Stabilizing the vera: Random reboots, memory leaks and logging.

I have been observing the behavior and stability of my vera system for a little while using the sysmon plugin. I had observed two things:

  1. Memory seem to leak between reboots or even to a lesser degree between a luup restart: The available memory keeps on decreasing up to a point where it seems to stabilise. In my case from ~90mb to 60mb and
  2. then after a few hours I would get a restart, either a cmh, or a vera restart. At each restart the memory would recover to the 85-90mb range.

I have opened a ticket with vera but the time between responses from support is too long for them to be able to capture the log event even if I have the time. Today I got a response indicating that I seem to be logging a lot to the server which could cause instability. I was suggested to log to a USB drive. The problem is that I am already doing that and have been since I replace my vera lite with a vera edge.

I had the goofy idea to decrease the log content by unchecking “Show polling activity” and “Show individual jobs” from the Logs settings. The result so far is that I am no longer observing what I thought was a memory leak. My available memory which would decrease by 10mb in an afternoon has now been hovering around 85mb.
It is too soon to know whether it eliminates or decrease the frequency of restarts which I had every few days but I am finding odd that the logs apparently are stored in the RAM while they are written to USB and archived to the server at the same time.

You say you are storing logs on a USB device.
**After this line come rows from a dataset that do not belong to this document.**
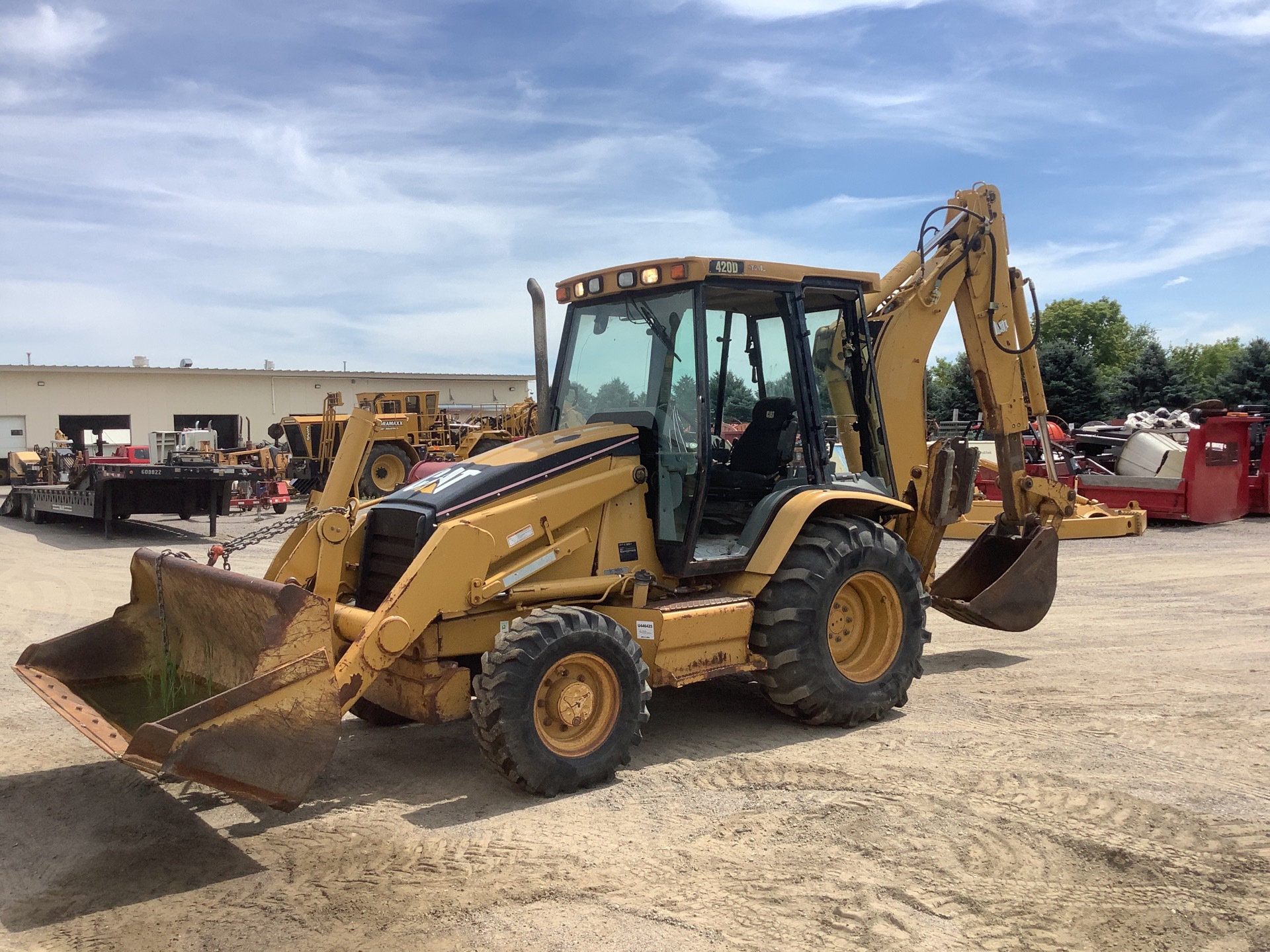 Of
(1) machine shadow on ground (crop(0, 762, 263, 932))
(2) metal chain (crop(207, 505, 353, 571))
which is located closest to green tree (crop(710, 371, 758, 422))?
(2) metal chain (crop(207, 505, 353, 571))

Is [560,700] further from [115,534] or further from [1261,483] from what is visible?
[1261,483]

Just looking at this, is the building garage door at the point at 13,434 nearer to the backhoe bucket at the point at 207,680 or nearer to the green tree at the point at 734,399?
the backhoe bucket at the point at 207,680

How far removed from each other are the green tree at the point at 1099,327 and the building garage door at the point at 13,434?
59.7m

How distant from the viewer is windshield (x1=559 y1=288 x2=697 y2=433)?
20.1 ft

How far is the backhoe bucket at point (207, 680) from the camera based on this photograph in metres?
4.19

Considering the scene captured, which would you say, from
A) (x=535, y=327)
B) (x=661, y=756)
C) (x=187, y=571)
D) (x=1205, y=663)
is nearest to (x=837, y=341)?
(x=535, y=327)

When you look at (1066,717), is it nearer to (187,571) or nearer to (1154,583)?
(187,571)

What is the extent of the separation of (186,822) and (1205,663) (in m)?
6.73

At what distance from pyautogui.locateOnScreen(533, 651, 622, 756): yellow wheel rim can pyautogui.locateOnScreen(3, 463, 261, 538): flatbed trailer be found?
558 inches

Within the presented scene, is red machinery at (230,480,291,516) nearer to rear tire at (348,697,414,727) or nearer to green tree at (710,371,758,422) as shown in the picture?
rear tire at (348,697,414,727)

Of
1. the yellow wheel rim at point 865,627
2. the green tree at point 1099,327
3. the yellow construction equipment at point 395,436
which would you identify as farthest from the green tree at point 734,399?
the green tree at point 1099,327

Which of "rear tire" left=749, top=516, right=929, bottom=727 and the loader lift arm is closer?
"rear tire" left=749, top=516, right=929, bottom=727

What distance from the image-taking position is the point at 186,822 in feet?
15.8

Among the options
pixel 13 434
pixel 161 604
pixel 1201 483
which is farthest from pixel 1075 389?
pixel 13 434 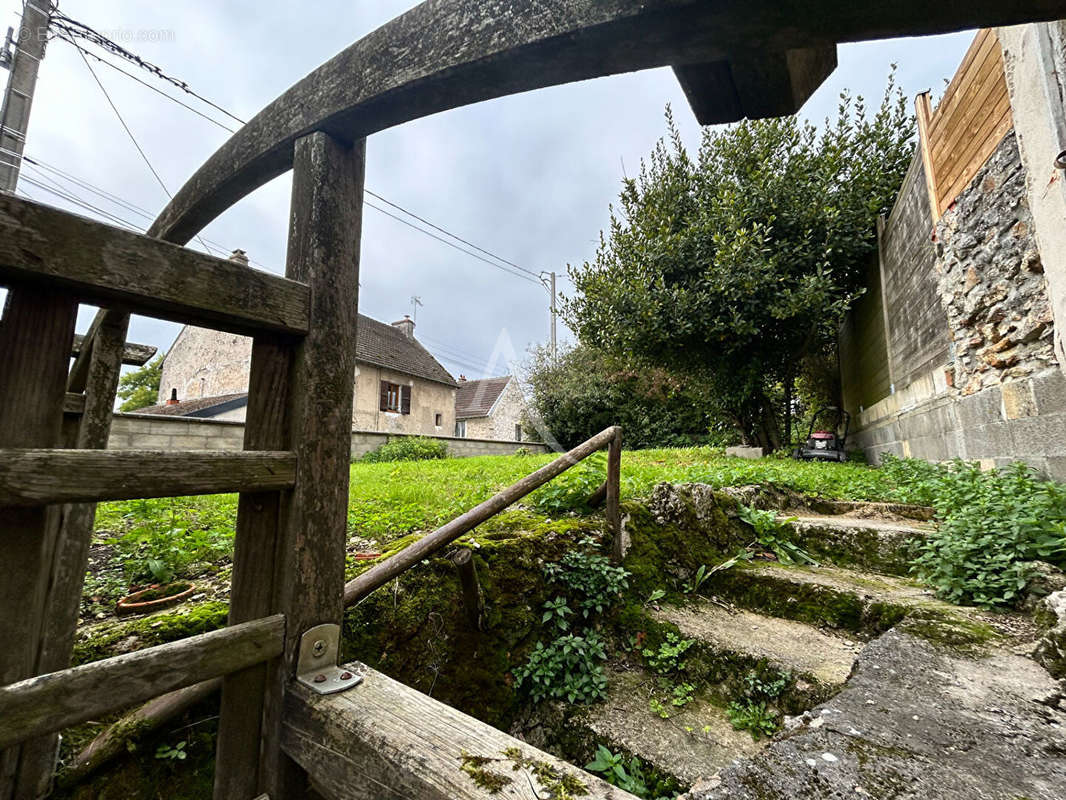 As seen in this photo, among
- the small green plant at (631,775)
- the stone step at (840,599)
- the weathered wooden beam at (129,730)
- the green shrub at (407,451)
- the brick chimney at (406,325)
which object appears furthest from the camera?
the brick chimney at (406,325)

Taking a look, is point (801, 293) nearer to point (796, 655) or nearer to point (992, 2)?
point (796, 655)

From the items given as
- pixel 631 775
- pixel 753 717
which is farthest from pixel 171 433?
pixel 753 717

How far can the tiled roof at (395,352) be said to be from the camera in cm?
1644

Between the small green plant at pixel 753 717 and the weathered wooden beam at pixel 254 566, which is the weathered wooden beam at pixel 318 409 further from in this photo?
the small green plant at pixel 753 717

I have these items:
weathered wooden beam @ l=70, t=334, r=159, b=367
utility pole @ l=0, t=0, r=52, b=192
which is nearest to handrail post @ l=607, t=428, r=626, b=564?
weathered wooden beam @ l=70, t=334, r=159, b=367

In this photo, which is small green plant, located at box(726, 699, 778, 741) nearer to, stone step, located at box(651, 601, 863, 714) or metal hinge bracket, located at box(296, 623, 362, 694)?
stone step, located at box(651, 601, 863, 714)

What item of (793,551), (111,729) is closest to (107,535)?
(111,729)

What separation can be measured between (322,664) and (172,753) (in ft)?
1.95

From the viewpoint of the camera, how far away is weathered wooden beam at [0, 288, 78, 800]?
2.43 feet

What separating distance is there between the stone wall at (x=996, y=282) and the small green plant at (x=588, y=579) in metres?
2.96

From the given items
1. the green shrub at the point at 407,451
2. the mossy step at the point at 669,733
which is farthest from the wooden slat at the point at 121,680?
the green shrub at the point at 407,451

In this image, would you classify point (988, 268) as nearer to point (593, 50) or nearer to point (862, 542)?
point (862, 542)

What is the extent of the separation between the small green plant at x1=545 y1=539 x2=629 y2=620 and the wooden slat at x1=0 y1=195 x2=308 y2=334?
181 centimetres

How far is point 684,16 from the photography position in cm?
62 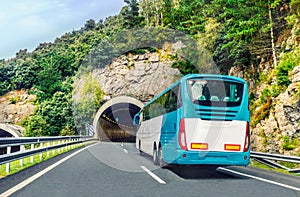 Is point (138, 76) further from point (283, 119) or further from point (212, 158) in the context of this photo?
point (212, 158)

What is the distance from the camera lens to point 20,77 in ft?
189

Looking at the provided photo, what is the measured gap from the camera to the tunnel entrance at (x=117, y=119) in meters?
46.5

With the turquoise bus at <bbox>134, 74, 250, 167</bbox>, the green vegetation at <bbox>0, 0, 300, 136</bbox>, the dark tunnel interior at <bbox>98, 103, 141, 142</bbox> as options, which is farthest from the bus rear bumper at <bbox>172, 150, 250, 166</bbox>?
the dark tunnel interior at <bbox>98, 103, 141, 142</bbox>

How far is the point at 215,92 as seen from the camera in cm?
884

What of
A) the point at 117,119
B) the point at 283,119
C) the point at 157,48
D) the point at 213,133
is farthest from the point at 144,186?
the point at 117,119

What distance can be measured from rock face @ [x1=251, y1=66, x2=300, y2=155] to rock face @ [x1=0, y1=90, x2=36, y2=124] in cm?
4281

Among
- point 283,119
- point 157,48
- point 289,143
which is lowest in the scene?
point 289,143

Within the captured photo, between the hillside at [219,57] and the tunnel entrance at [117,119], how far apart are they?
2.67m

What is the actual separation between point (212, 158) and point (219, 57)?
23.1 m

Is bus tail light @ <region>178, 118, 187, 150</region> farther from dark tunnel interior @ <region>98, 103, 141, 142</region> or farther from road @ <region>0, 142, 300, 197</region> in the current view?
dark tunnel interior @ <region>98, 103, 141, 142</region>

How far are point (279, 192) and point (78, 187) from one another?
424 cm

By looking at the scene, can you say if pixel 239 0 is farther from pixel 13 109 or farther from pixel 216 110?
pixel 13 109

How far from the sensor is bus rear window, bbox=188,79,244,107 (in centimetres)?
874

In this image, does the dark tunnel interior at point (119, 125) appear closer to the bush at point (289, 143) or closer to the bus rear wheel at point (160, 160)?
the bush at point (289, 143) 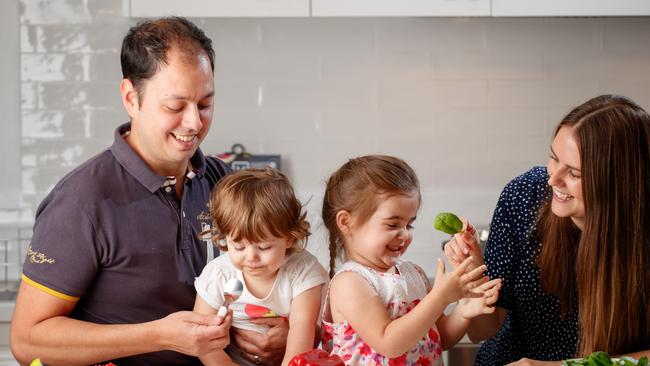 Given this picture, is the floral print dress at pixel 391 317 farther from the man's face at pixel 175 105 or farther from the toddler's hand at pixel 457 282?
the man's face at pixel 175 105

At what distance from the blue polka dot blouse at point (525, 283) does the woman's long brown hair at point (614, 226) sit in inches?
7.1

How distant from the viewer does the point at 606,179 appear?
1982 mm

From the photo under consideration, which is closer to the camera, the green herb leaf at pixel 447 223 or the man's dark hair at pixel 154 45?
the green herb leaf at pixel 447 223

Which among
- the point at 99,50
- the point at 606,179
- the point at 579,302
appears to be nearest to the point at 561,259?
the point at 579,302

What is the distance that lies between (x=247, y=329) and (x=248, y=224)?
0.87 ft

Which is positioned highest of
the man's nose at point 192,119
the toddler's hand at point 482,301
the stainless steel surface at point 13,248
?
the man's nose at point 192,119

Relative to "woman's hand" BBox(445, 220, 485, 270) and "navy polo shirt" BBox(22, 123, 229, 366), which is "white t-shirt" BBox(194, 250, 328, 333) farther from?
"woman's hand" BBox(445, 220, 485, 270)

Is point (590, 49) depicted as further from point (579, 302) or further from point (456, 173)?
point (579, 302)

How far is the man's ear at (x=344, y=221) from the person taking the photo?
2074mm

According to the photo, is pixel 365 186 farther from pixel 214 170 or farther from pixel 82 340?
pixel 82 340

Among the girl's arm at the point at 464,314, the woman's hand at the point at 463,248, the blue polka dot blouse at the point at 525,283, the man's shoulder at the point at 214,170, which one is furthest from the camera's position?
the man's shoulder at the point at 214,170

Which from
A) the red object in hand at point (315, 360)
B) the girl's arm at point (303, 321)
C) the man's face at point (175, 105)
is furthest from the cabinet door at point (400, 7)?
the red object in hand at point (315, 360)

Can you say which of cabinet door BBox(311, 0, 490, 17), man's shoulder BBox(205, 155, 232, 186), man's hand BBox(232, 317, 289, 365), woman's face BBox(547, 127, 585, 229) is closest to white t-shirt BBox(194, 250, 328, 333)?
man's hand BBox(232, 317, 289, 365)

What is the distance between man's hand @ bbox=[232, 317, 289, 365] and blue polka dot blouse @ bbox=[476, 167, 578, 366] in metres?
0.54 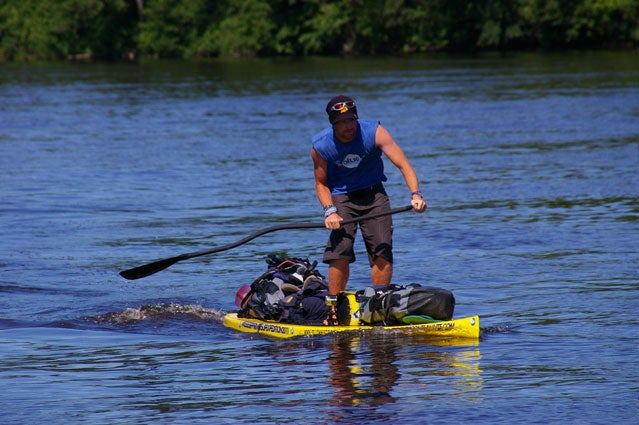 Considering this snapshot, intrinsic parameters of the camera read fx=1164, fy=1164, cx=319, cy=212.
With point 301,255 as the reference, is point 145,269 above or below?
above

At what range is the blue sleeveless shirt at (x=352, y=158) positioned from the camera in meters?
9.71

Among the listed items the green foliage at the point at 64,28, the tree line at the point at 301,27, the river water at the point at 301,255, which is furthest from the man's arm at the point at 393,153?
the green foliage at the point at 64,28

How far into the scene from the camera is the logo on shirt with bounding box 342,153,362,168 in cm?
983

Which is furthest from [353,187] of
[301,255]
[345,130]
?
[301,255]

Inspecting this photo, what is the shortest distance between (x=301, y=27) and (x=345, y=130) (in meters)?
73.4

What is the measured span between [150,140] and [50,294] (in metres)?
16.9

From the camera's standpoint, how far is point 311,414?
7488 millimetres

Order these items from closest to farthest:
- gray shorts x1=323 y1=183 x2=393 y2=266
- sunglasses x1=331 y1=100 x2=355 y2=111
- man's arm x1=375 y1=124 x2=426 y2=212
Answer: sunglasses x1=331 y1=100 x2=355 y2=111
man's arm x1=375 y1=124 x2=426 y2=212
gray shorts x1=323 y1=183 x2=393 y2=266

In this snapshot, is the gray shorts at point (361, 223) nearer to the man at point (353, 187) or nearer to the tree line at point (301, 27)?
the man at point (353, 187)

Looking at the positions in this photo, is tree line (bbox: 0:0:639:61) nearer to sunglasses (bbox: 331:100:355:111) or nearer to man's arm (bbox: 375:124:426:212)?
man's arm (bbox: 375:124:426:212)

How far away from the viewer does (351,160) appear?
9859 mm

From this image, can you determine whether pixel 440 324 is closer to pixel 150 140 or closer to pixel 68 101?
pixel 150 140

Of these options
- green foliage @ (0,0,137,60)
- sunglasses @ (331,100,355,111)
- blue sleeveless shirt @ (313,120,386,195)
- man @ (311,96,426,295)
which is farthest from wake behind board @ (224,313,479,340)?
green foliage @ (0,0,137,60)

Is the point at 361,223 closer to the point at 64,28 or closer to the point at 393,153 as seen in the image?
the point at 393,153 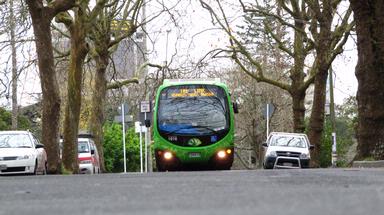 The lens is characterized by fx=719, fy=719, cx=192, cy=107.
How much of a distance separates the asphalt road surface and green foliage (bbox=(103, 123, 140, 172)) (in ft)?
114

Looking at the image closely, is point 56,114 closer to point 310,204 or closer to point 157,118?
point 157,118

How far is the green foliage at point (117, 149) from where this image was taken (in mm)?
46625

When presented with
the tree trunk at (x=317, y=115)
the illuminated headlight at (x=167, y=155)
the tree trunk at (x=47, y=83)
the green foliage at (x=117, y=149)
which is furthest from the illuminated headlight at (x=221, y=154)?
the green foliage at (x=117, y=149)

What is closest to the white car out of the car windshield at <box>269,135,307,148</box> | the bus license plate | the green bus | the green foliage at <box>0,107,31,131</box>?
the green bus

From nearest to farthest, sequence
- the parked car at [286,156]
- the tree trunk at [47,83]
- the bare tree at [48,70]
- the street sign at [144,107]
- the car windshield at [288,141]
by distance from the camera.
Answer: the bare tree at [48,70] → the tree trunk at [47,83] → the parked car at [286,156] → the car windshield at [288,141] → the street sign at [144,107]

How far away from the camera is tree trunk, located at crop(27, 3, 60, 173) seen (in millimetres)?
22484

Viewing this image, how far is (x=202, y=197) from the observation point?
834cm

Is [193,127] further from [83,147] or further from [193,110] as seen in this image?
[83,147]

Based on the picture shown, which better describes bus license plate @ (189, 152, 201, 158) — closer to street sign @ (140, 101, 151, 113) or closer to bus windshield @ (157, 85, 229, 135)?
bus windshield @ (157, 85, 229, 135)

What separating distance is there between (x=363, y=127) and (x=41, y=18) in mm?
10377

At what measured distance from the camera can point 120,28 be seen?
3284 centimetres

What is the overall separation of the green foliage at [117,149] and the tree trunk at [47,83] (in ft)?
69.8

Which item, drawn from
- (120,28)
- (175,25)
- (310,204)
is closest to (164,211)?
(310,204)

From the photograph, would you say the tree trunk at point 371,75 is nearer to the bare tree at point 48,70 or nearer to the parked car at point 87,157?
the bare tree at point 48,70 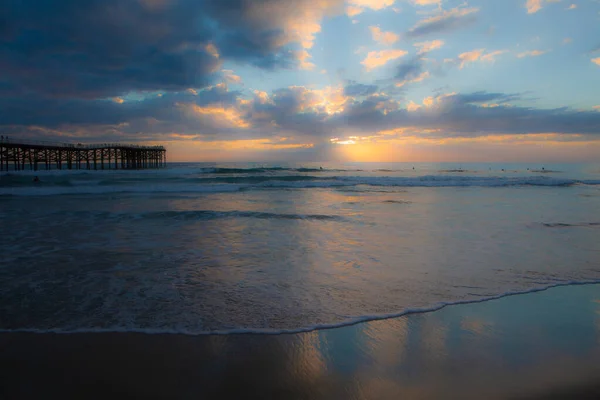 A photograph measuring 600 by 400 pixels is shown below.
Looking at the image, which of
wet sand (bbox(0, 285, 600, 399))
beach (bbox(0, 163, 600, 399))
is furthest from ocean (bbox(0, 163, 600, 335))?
wet sand (bbox(0, 285, 600, 399))

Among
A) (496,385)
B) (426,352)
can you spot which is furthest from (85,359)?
(496,385)

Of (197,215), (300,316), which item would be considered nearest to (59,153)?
(197,215)

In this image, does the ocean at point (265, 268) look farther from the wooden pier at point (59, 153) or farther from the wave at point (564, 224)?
the wooden pier at point (59, 153)

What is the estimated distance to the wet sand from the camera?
282cm

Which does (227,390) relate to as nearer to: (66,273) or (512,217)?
(66,273)

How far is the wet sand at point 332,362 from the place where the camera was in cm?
282

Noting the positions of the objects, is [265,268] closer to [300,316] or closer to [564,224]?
[300,316]

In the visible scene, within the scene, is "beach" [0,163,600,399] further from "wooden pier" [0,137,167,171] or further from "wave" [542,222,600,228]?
"wooden pier" [0,137,167,171]

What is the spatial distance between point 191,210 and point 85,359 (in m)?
12.1

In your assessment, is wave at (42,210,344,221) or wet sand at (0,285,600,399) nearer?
wet sand at (0,285,600,399)

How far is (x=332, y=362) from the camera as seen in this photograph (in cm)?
319

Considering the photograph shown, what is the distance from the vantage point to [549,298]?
4789 millimetres

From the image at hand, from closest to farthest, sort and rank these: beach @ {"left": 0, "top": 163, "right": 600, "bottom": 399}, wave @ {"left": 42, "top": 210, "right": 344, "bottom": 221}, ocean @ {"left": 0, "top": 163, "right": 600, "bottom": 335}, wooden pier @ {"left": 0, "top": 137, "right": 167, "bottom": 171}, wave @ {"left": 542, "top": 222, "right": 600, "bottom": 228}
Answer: beach @ {"left": 0, "top": 163, "right": 600, "bottom": 399} → ocean @ {"left": 0, "top": 163, "right": 600, "bottom": 335} → wave @ {"left": 542, "top": 222, "right": 600, "bottom": 228} → wave @ {"left": 42, "top": 210, "right": 344, "bottom": 221} → wooden pier @ {"left": 0, "top": 137, "right": 167, "bottom": 171}

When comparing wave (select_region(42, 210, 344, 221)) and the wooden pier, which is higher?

Have you confirmed this? You’re sure the USB is mounted?

Did you uncheck “Archive old logs on server”? If not, they are uploaded to the server and deleted from the USB.

You didn’t turn on Verbose logging, did you? That shouldn’t be on. If it is, you will have the problems you describe.

Have you tried telephoning support. It has proven, unsurprisingly, to be a faster option than the others.

Yes I checked all of the above. The drive shows to be mounted and USB logging enabled. (I can actually browse the USB drive through SSH. and the LED on the drive blinks on activity)
I did not turn verbose logging.
After one day I still see the memory decrease over time but at a much slower rate than before. I will see in a couple of days if I am still getting the reboots.
I think many are reporting random rebooting of the vera. I thought it to be fairly common but I am trying to eliminate them.
I have not tried phoning support. May try this next.

[quote=“anhman, post:1, topic:188071”]My available memory which would decrease by 10mb in an afternoon has now been hovering around 85mb.
It is too soon to know whether it eliminates or decrease the frequency of restarts which I had every few days but I am finding odd that the logs apparently are stored in the RAM while they are written to USB and archived to the server at the same time.[/quote]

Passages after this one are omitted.